Segment Start: Recorded information
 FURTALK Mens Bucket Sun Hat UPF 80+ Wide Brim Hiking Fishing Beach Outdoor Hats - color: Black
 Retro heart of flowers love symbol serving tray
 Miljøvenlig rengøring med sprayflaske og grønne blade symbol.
Segment End: Recorded information
Segment Start: Recorded information
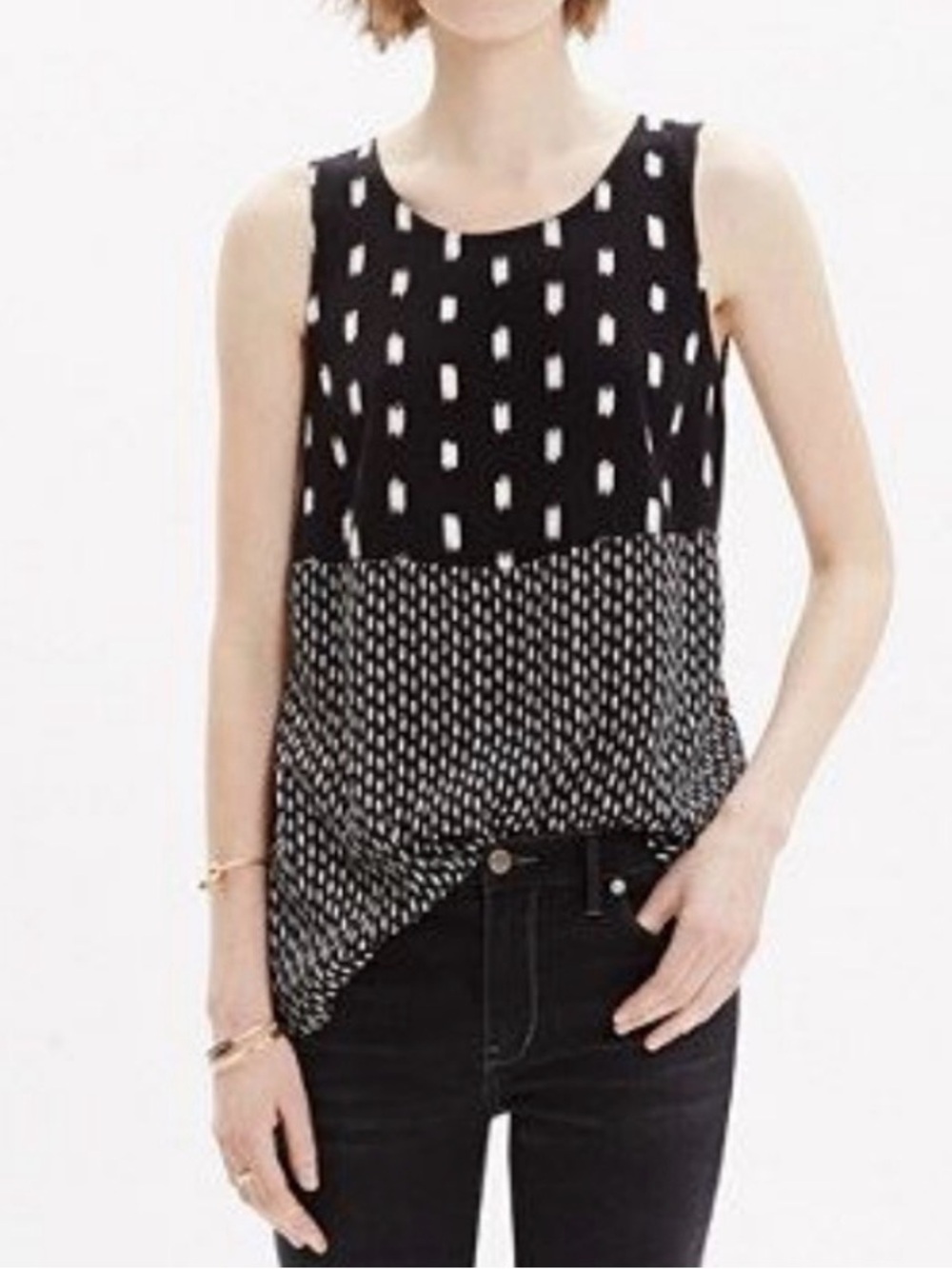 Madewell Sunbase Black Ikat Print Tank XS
Segment End: Recorded information
Segment Start: Recorded information
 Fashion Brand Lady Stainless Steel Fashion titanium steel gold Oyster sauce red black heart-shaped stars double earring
Segment End: Recorded information
Your task
Search the data for the word "symbol" and copy each line where it appears.

Task response
 Retro heart of flowers love symbol serving tray
 Miljøvenlig rengøring med sprayflaske og grønne blade symbol.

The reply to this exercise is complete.